"A controversial film that PBS axed from its documentary series about the post-Sept. 11 world will be broadcast for the first time nationwide this week by the FOX News Channel.
The documentary, originally titled "Islam vs. Islamists," was produced by ABG Films with $675,000 in public funds from the Corporation for Public Broadcasting. It was originally slated to run earlier this year as part of PBS' "America at a Crossroads" series.

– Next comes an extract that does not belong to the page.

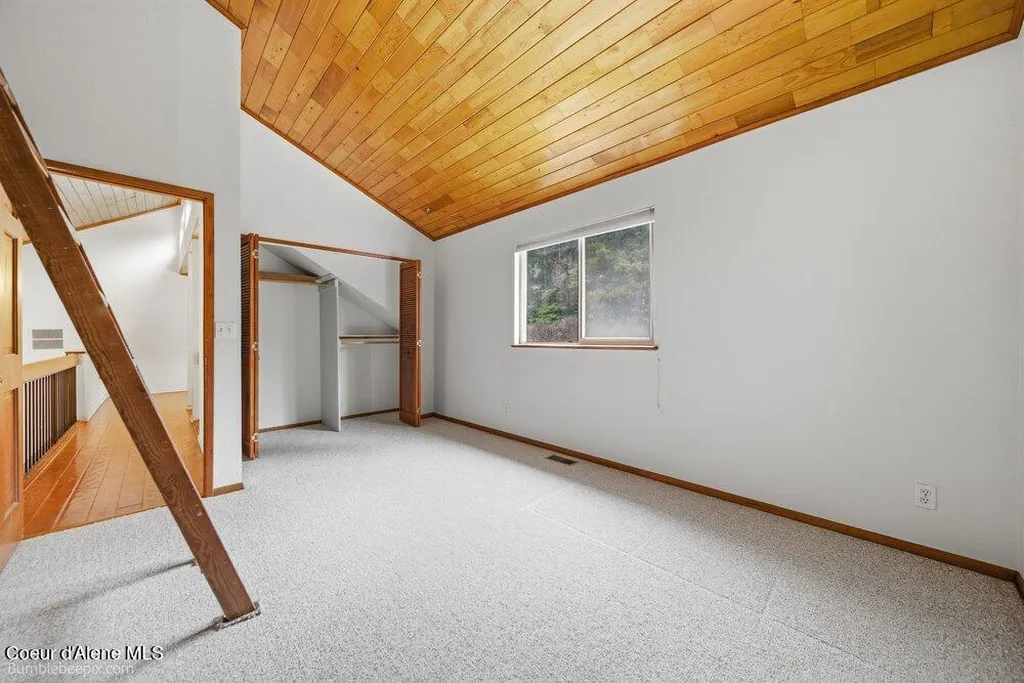7722 W Clemetson Road Coeur D'alene ID 83814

The film follows moderate Muslims who have challenged the "Islamists" who espouse a more radical view of their religion. The film shows the Islamists advocating, among other things, the imposition of Sharia law on Muslims in the West, the stoning of women who commit adultery, and even violence and terrorism.
"Islam vs. Islamists" will be seen in its entirety as part of an all-new FOX News Channel special. The 90-minute FOX program, called "Inside Islam: Faith vs. Fanatics," includes interviews with "Islam vs. Islamists" director and producer Martyn Burke and executive producer Frank Gaffney. It will be broadcast at 9 p.m. ET on Saturday, Oct. 20.
Burke and Gaffney told FOX News they didn't set out to make a conservative documentary, but rather one that portrays the plights of some moderate Muslims since Sept. 11.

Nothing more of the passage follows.